On Nov 11, 2019, at 04:11, Random832 <[email protected]> wrote:
>
> Possible alternate mechanisms:
>
> Make any such expression implicitly call a special function named e.g.
> __matrixhook__
> - called by name, so a default in builtins and one could be set locally in a
> module or imported from numpy
> - or have the special function be installable in sys.matrixhook rather than
> based on a lexically scoped special name
This could also be a use for user-defined prefixes or suffixes:
c = a[1, 2, 3]
d = a[[1,2,3],[4,5,6]]
e = [a[1,2,3], a[4,5,6]]
This looks up the installed prefix “a” and calls its handler with the stream of
tokens, or their text, or the AST subtree, or the cooked list value. There
could even be a default handler that recommends NumPy before raising the “no
installed handler” error.
Maybe you could even do this:
f = a[1,2,3]f32
… to specify the dtype as a suffix.
And if you want to reuse most of your code in Jython with a Java array library
instead of NumPy, it could install the same affix as NumPy. And if NumPy one
day goes the way of Numeric, merging with another library into something even
better, Python wouldn’t be calling an obsolete library forever, it would be
calling whatever you installed.
You can create arrays, and multidimensional arrays, and even lists of arrays,
and it all seems pretty obvious to read. And I think a prefix or suffix signals
what’s going on better than whether or not there a semicolon somewhere inside.

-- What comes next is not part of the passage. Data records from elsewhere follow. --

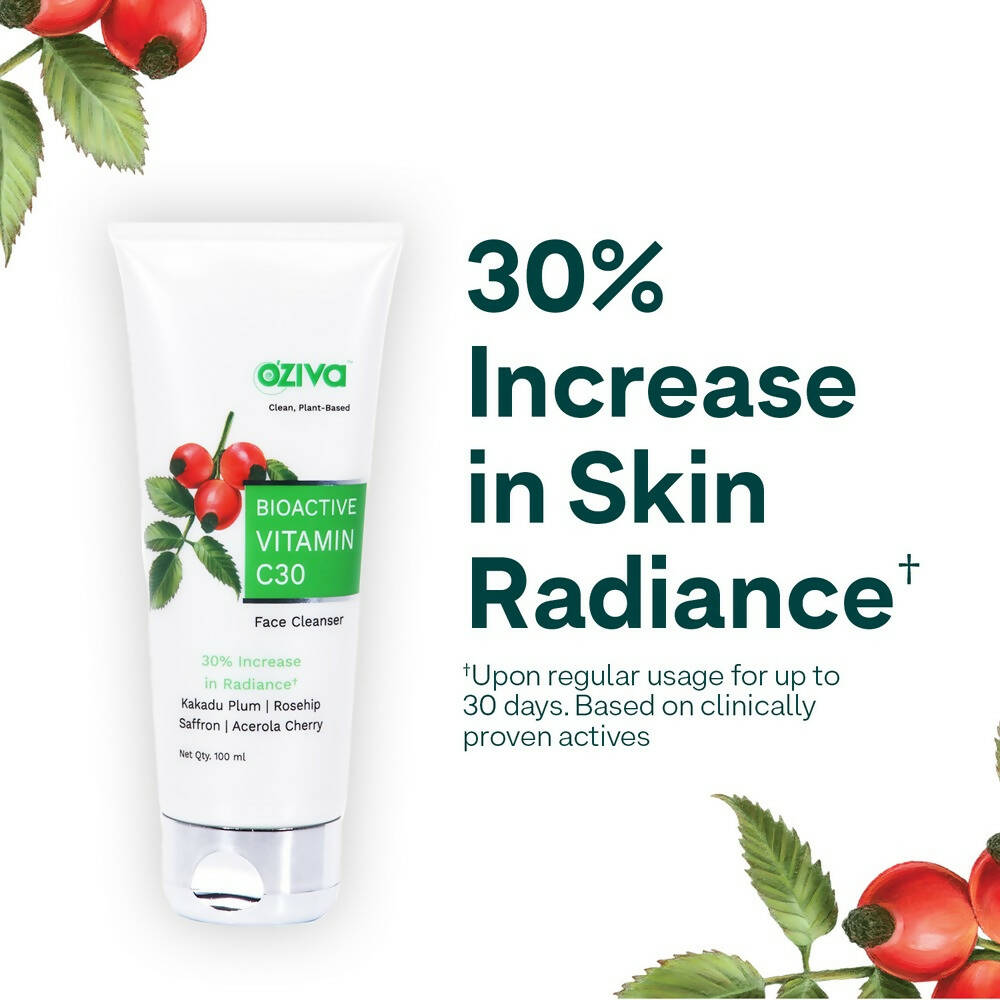 OZiva Bioactive Vitamin C30 Face Cleanser - Swadesiicart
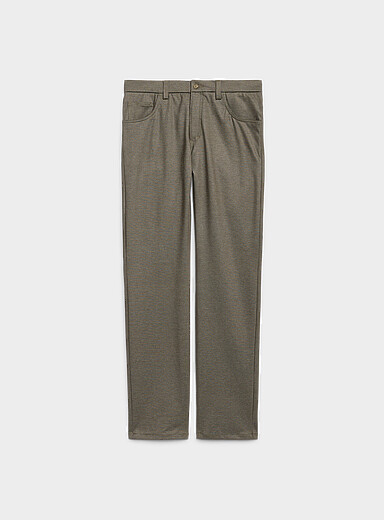 Le pantalon lavable tricot caviar <b>Coupe droite</b>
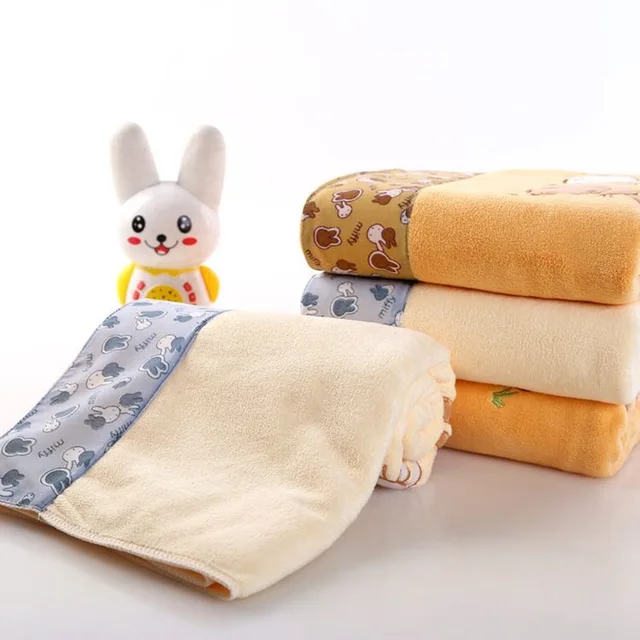 Microfiber embroidered towel bath towels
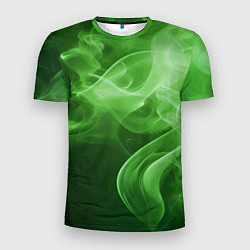 Футболка спортивная мужская Зеленый дым, цвет: 3D-принт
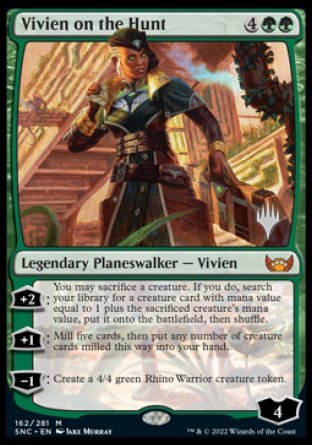 Vivien on the Hunt (Promo Pack) [Streets of New Capenna Promos] | North Game Den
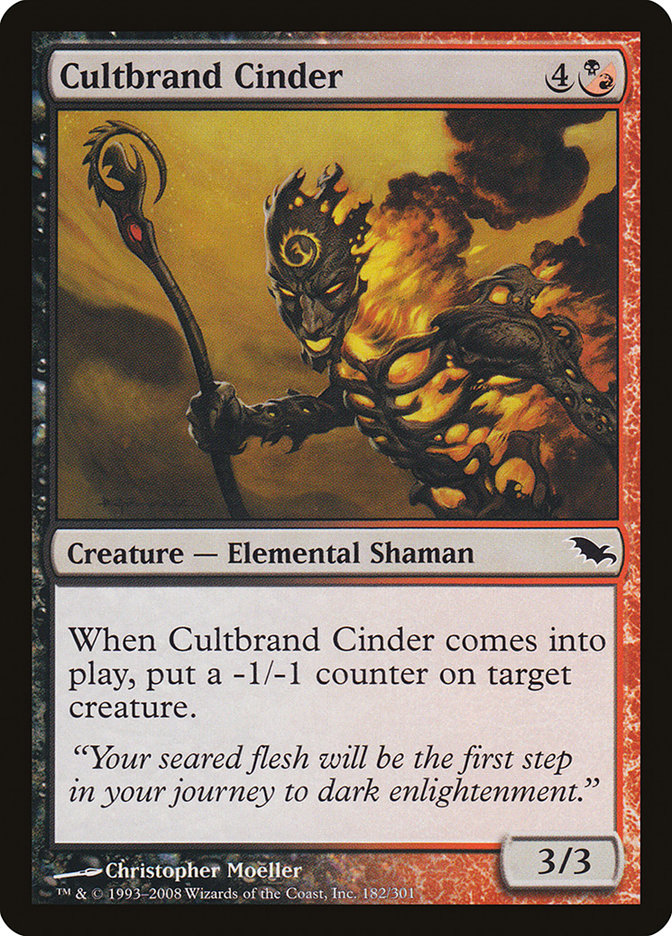 Cultbrand Cinder [Shadowmoor] | Silver Goblin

(If there are cases where a semicolon actually helps readability rather than
being just noise, which I think may be the case for some multidimensional
arrays, especially where one of the dimensions is 1, then that wouldn’t be too
hard to allow.)
Last time user-defined affixes were discussed a few months ago, it fizzled out.

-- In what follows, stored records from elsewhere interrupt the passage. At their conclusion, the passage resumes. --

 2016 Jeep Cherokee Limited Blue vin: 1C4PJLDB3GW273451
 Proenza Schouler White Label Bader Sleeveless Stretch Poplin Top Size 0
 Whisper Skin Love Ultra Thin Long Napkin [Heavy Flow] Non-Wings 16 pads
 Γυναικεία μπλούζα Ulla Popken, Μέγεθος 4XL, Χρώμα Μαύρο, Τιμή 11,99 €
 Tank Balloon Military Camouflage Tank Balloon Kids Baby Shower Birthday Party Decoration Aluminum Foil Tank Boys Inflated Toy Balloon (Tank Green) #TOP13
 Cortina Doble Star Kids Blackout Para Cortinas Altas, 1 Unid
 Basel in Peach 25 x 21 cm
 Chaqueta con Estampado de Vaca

But that discussion was about strings primarily, numbers secondarily, with only
brief offhand mentions of container displays. It’s possible that affixing
displays would have fewer problems or read more compelling or just have an
advocate willing to push harder than with strings.
There are a couple of added issues, but neither one seems insurmountable.
First, if you go with tokens or text, a display is a stream of tokens rather
than a single one. Also, you’d have to figure out what to do about
comprehensions, because they’re (at least as far as the grammar) a kind of
display.
On the other hand, except for dtype example, you can already do all of this
exactly the same without changing Python just by using A(...) instead of
a[...], and I don’t think it looks that much worse.